## Work order
The answer must be an exact copy of the lines from the one with "Is Zagreb home" to the last line of the entries below, both included, and must contain no pictures.

## Data extract
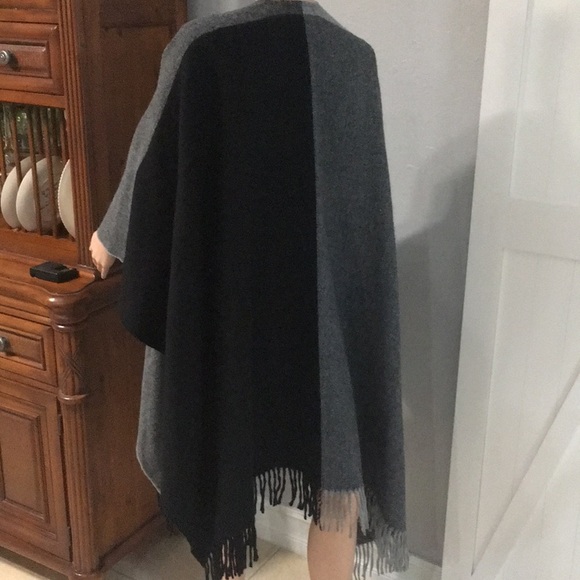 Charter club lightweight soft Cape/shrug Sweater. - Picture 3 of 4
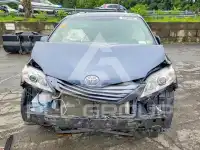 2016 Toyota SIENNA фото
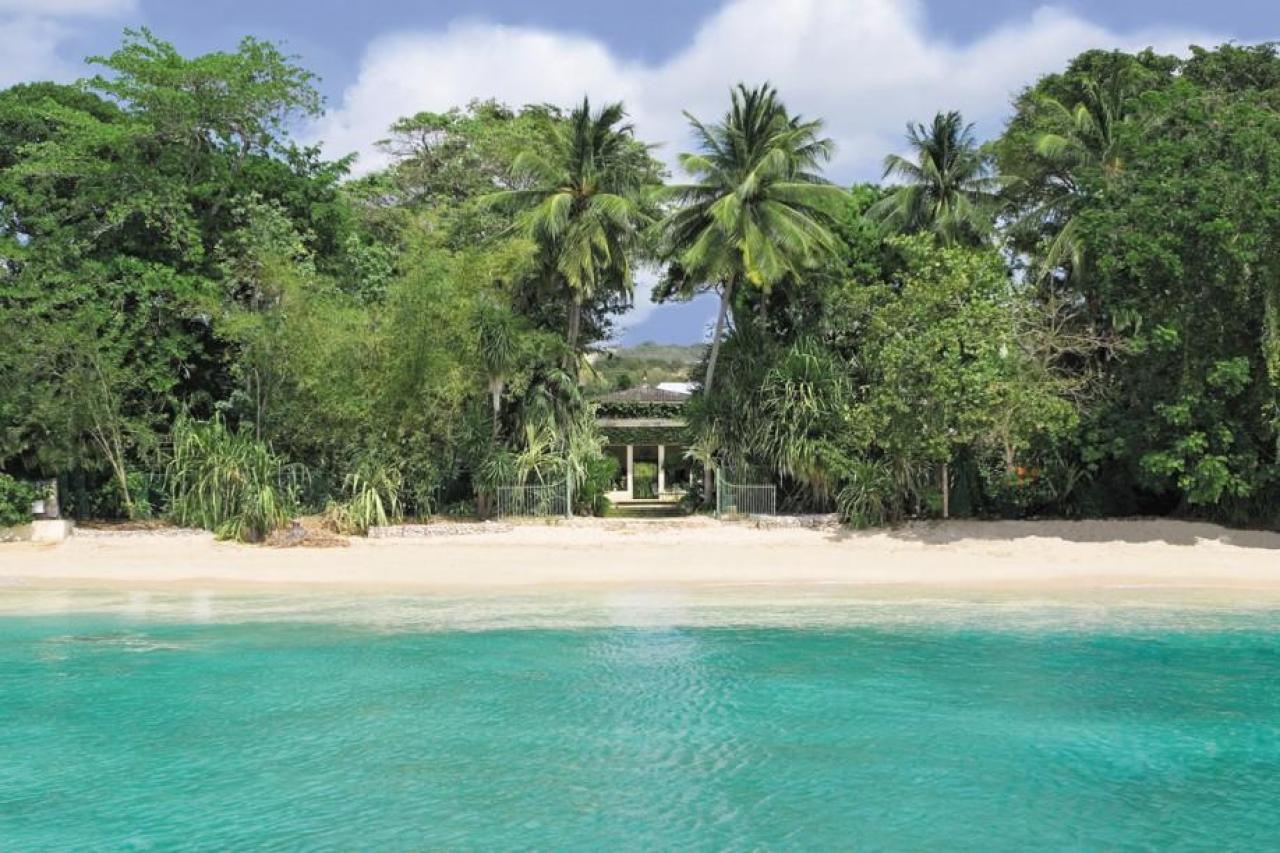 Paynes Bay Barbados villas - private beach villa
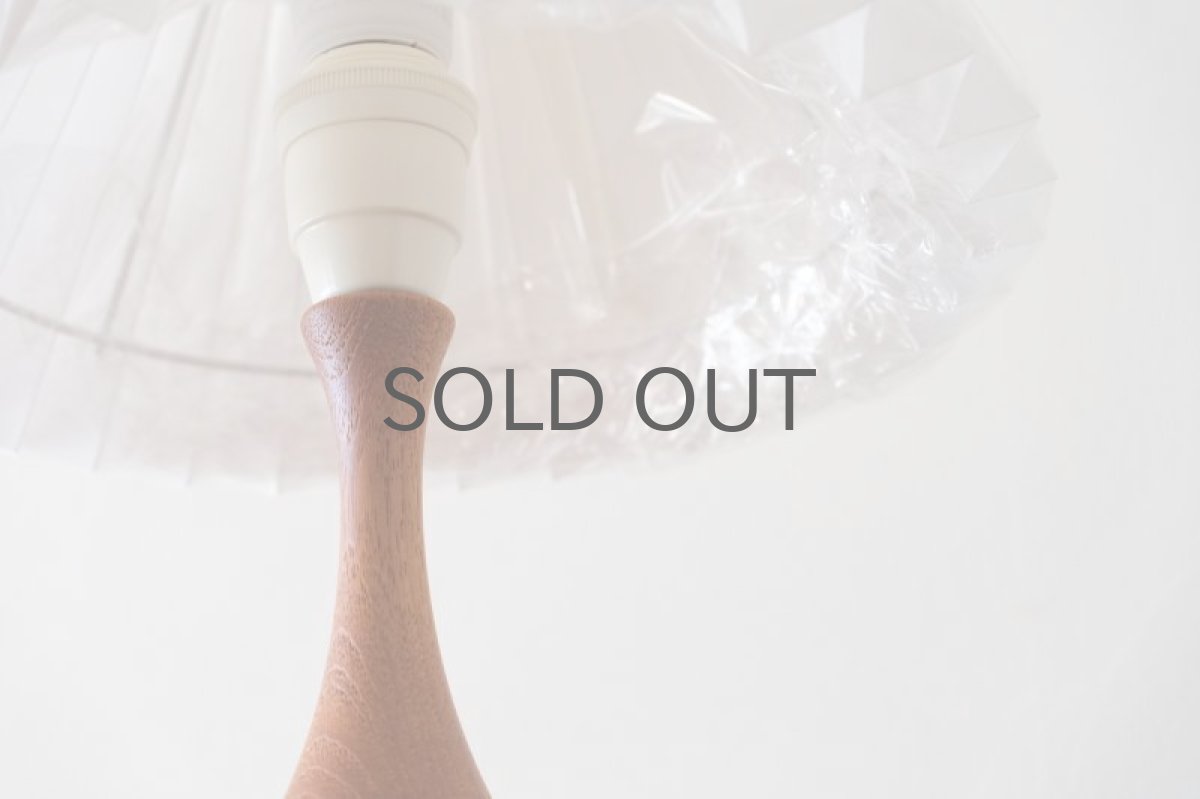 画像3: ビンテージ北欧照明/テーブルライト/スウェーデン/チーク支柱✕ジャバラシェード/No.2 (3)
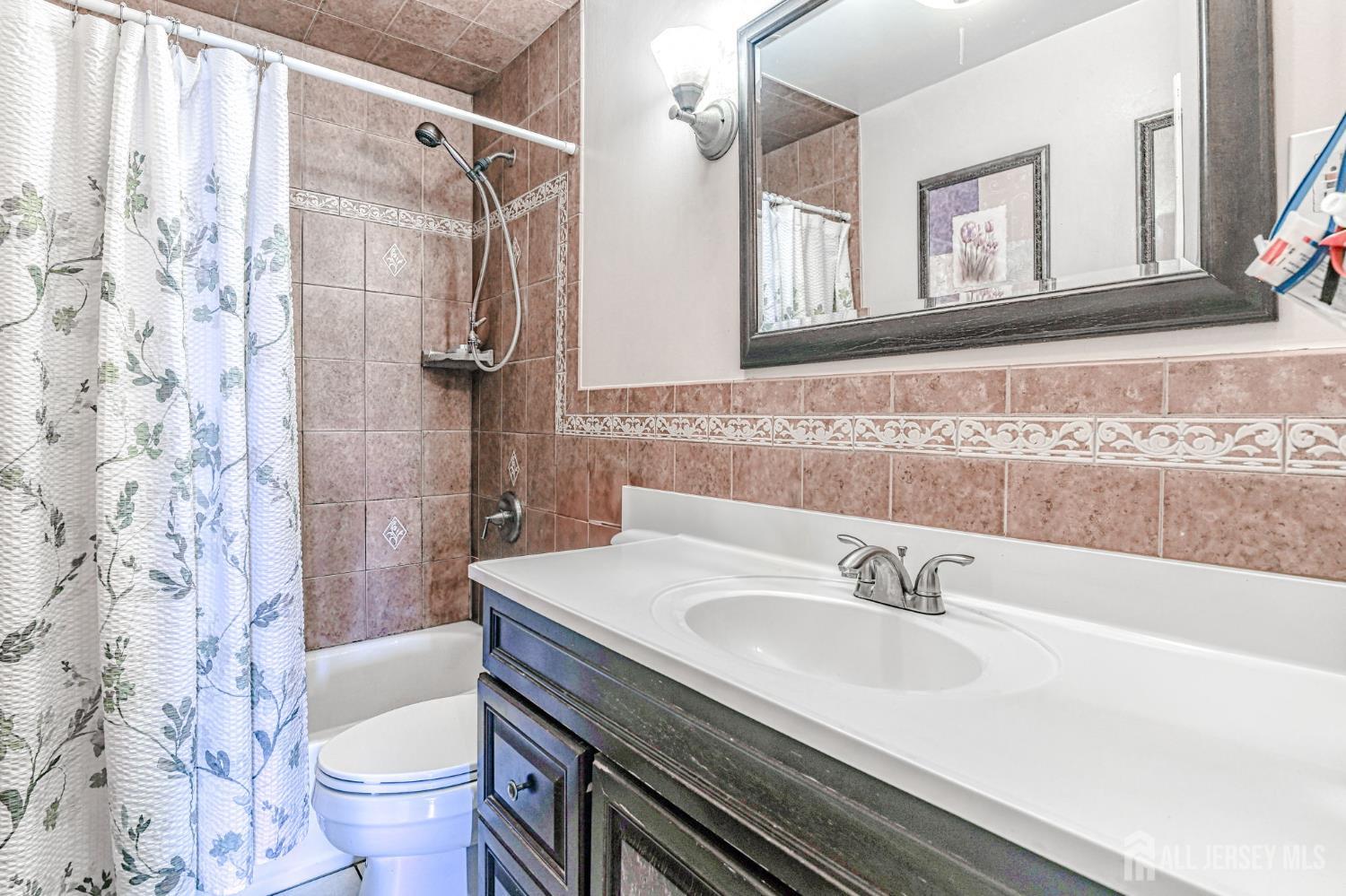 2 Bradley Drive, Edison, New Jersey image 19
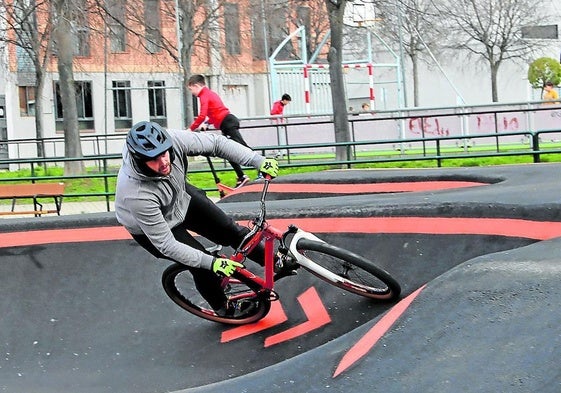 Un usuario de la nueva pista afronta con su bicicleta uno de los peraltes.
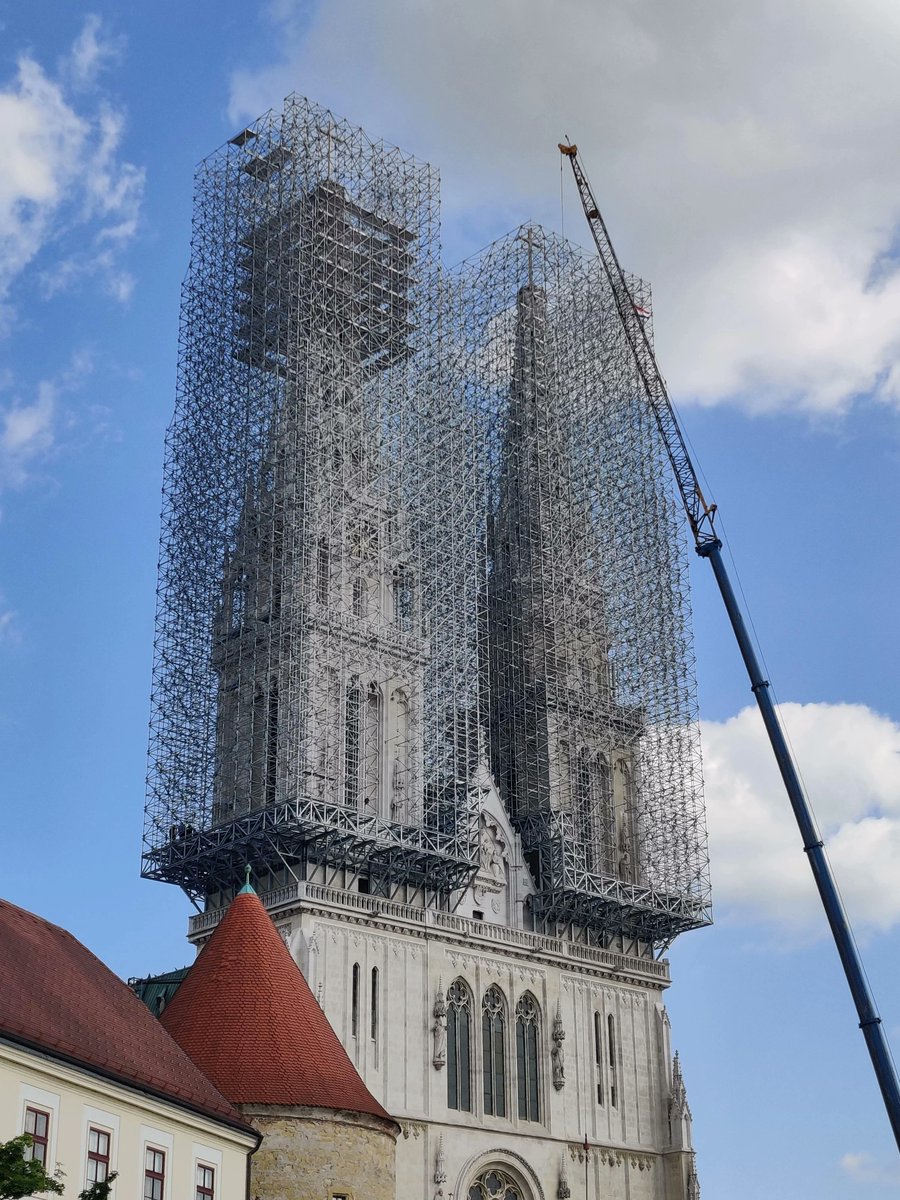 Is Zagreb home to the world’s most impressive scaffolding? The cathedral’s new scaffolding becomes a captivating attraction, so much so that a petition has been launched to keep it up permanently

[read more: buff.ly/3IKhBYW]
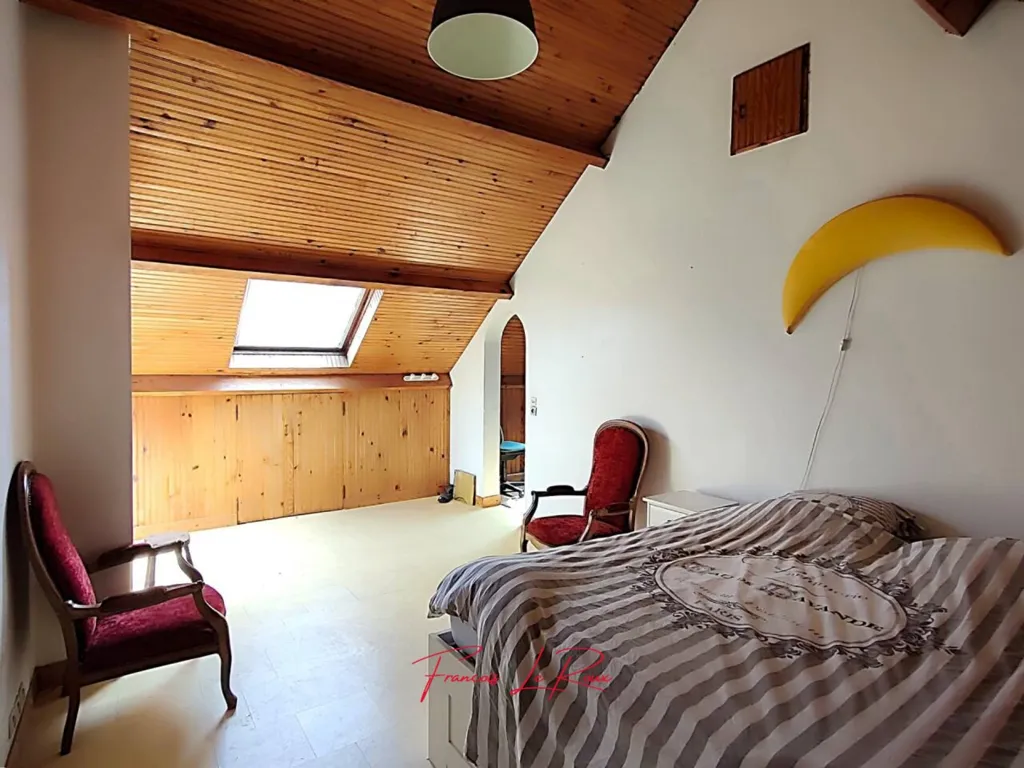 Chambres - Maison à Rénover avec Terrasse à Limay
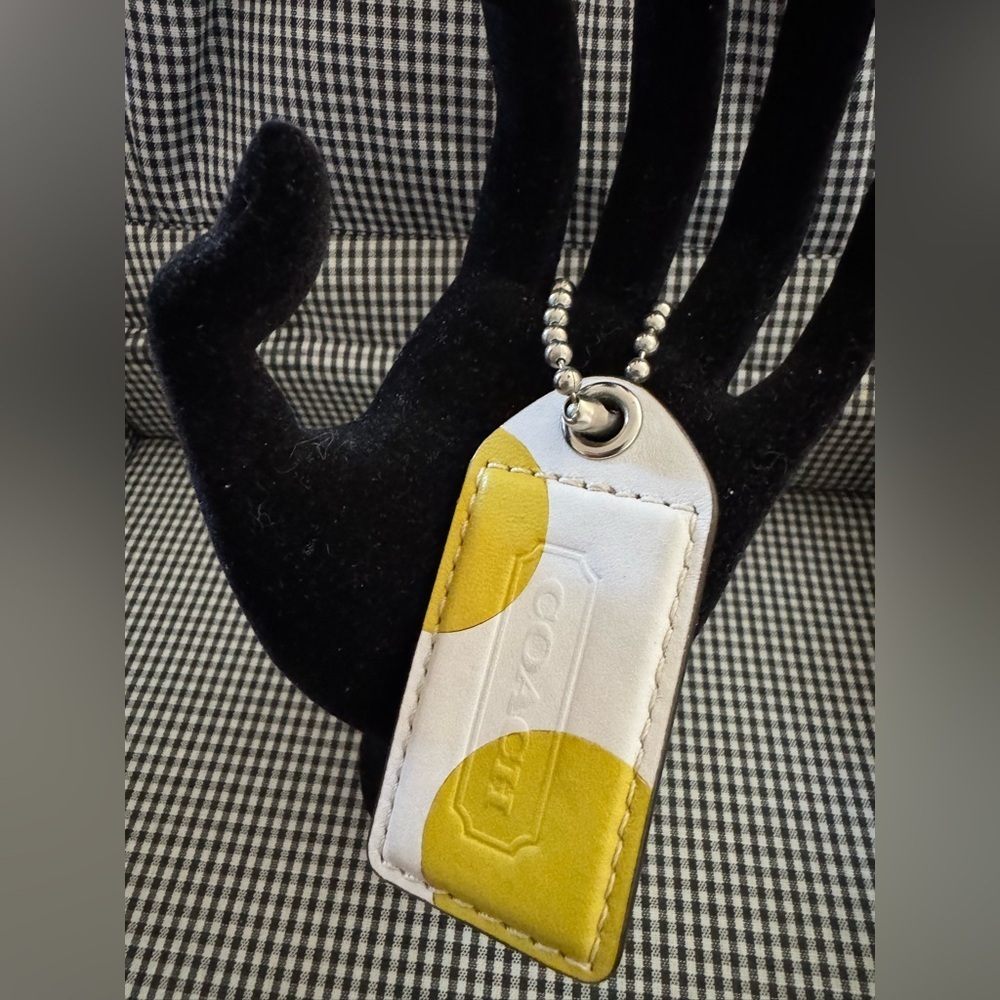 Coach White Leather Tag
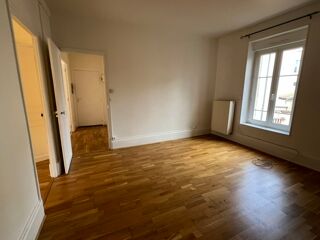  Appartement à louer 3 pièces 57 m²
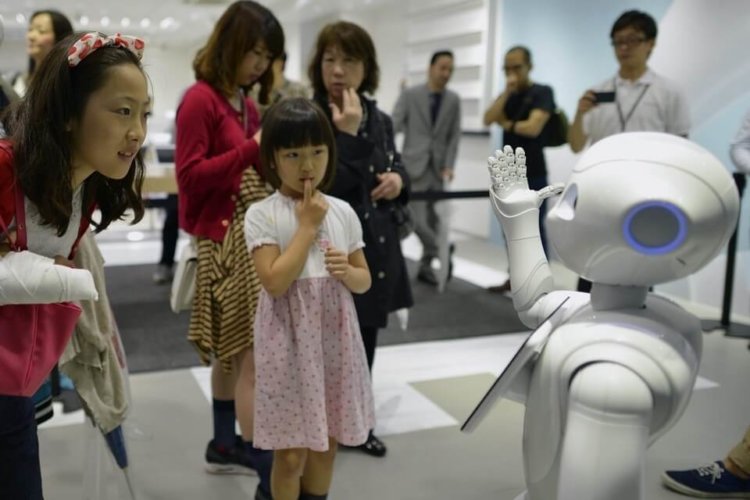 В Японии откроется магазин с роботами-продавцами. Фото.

## Response box
 Is Zagreb home to the world’s most impressive scaffolding? The cathedral’s new scaffolding becomes a captivating attraction, so much so that a petition has been launched to keep it up permanently

[read more: buff.ly/3IKhBYW]
 Chambres - Maison à Rénover avec Terrasse à Limay
 Coach White Leather Tag
  Appartement à louer 3 pièces 57 m²
 В Японии откроется магазин с роботами-продавцами. Фото.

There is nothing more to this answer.